Traditionally, the success or failure of a course has been determined by evaluating students, assessing grades and test scores, and gathering observations from course instructors – usually once the course has finished.
One of the best ways to ensure that participants will benefit from the education you’re giving them is by studying their reactions to a course, and their behaviour as they’re taking it. That’s where learning analytics comes in.
The process involves the collection, analysis, and reporting of information gathered from the participants as they undertake an eLearning course. Learning analytics is an ongoing, real-time process, rather than a retrospective one.
Analytics take in observations like how often your learners log into the eLearning platform, how they are making their way through its various modules, their activities in discussion forums, and how they perform in tests, examples, and quizzes.
Information gathered from day to day observations in real time may be used by course developers and facilitators to predict their learners’ level of success, and to make amendments and improvements to course materials.
How eLearning Benefits
Learning analytics can reveal how a course participant is performing today, and use this information to help predict how they will perform as the eLearning course progresses. Study of their performance and behaviour may indicate whether supplementary materials, help from instructors or other learners, or even a complete change of tack will be most appropriate to ensure their success.
Learners benefit from a personally tailored eLearning experience. If an individual is observed to be struggling over a particular course module, he or she can be offered access to custom tools and resources like links to specific and related websites, or audio-visual supplements that throw a greater light on the subject.
Learners may come from a wide range of educational and cultural backgrounds. Using learning analytics, the same eLearning course may take very different paths, for each of the learners involved. But at the end of the day, all participants may achieve the required levels of success.
Success breeds confidence, and assisting a learner’s progress with learning analytics encourages him/her to complete the course, and to actively participate in its modules.
Collating and analysing all the course observations can help improve the eLearning experience for future participants. Problem areas, unpopular course modules, and suitable levels of difficulty in the course material can be red-flagged by studying the results from all the learners – and used to design a better course, for next time.
For course designers and those hosting an eLearning course, learning analytics can reveal which aspects of a training scheme are working best, and which are failing to meet your expectations. This can be a guide to where resources (and money) may best be used to achieve your learning goals.
Analytics in Practice
Commerce, media, government bodies, intelligence agencies and the military have long known the benefits of gathering and analysing data from various sources to help in formulating policies and making decisions.
With the increasing overlap between technology and education, software manufacturers, research centres and training establishments have begun to recognise the value of data analysis in their operations.

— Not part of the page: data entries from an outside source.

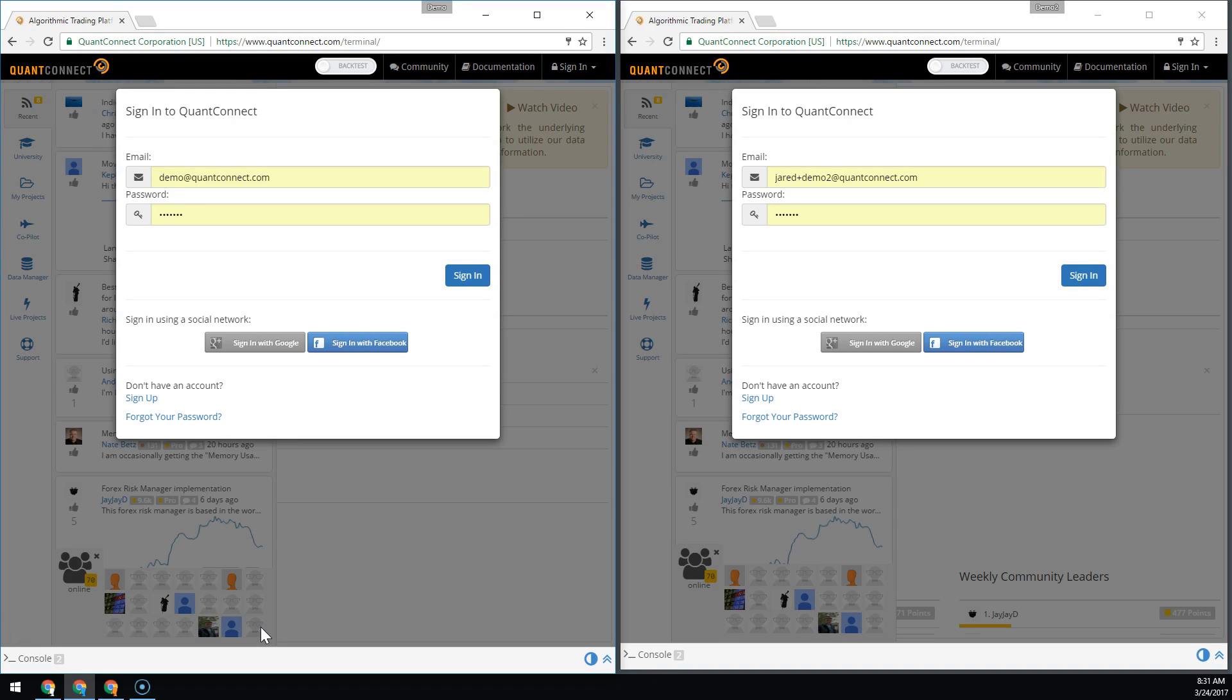In this video, we're going to demonstrate a really cool feature in QuantConnect called collaboration.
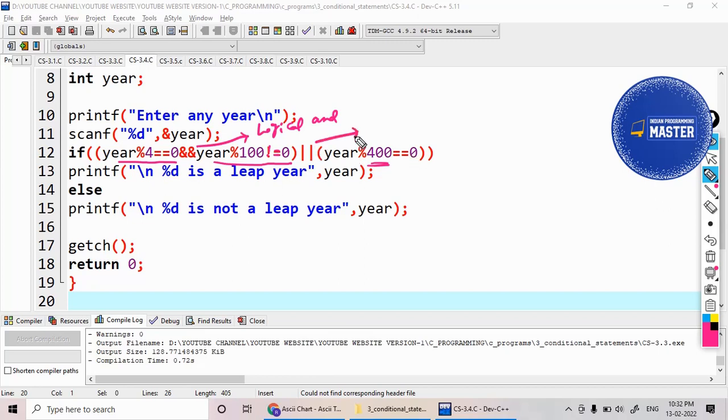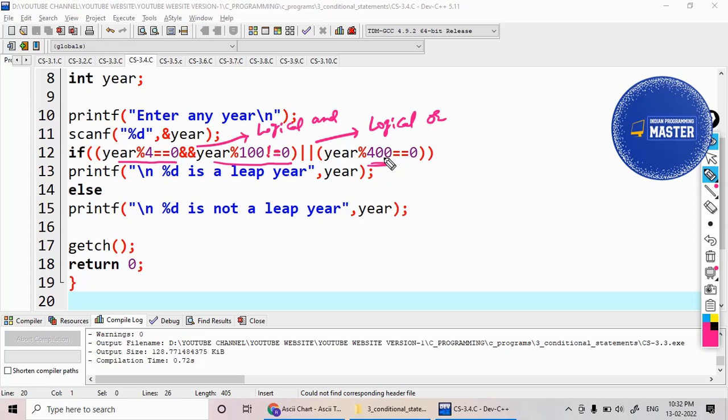So whenever it meets these conditions, there are three conditions: one, two, three. To combine these three conditions, I'm using the logical AND and logical OR operator. That is the advantage with these logical operations.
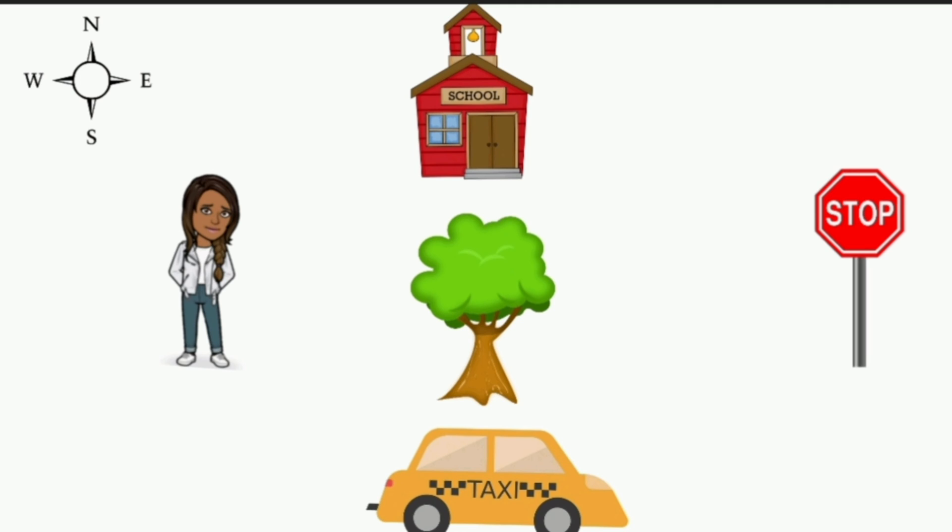What is east of the tree? The stop sign. Well done.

Learning analytics is fuelling the development of machine learning tools, social and content recommendation systems, network and discourse analysis, predictive analysis, content development, support and intervention strategies. Leading the way are organisations like the Society for Learning Analytics Research (SoLAR) and the International Educational Data Mining Society (IEDMS).
Learning analytics are being used to enhance the role of facilitators and instructors, to develop tools for automation within eLearning course structures, and to promote research.
Some Questions to Ask:
- Is the course effective, and is it meeting the needs of your learners?
- Which exercises, forums, and methods of interaction are most effective?
- How could these aspects be improved?
- How does student performance compare with your anticipated goals, and the learning targets you’ve set?
What to Expect of Your Learning Analytics Tools
Learning analytics seeks to assist learners and instructors by developing eLearning environments that can adjust their content, resources and support systems to suit individual needs by acting on data gathered and analysed on a continuous basis.
A well-rounded set of learning analytics tools should draw on aspects from academic analytics, business intelligence, educational data mining, action and web analytics.
Web analytics involves the gathering, analysis and reporting of information gleaned from online activity. This may include not only your course participants, but the potentially millions of users who visit the websites and resources concerned.
Retention of knowledge gained by learners during a course and their rates of success are central to academic analytics, which combines this data with predictive models and statistical tools to help in making decisions based on the results.
As an adjunct to this, educational data mining looks for underlying patterns in the data collected.
By analysing information from learners, instructors, and facilitators, learning analytics makes it possible to interpret the mountains of data generated during an eLearning course, and to apply it in improving both the learner experience and your levels of success.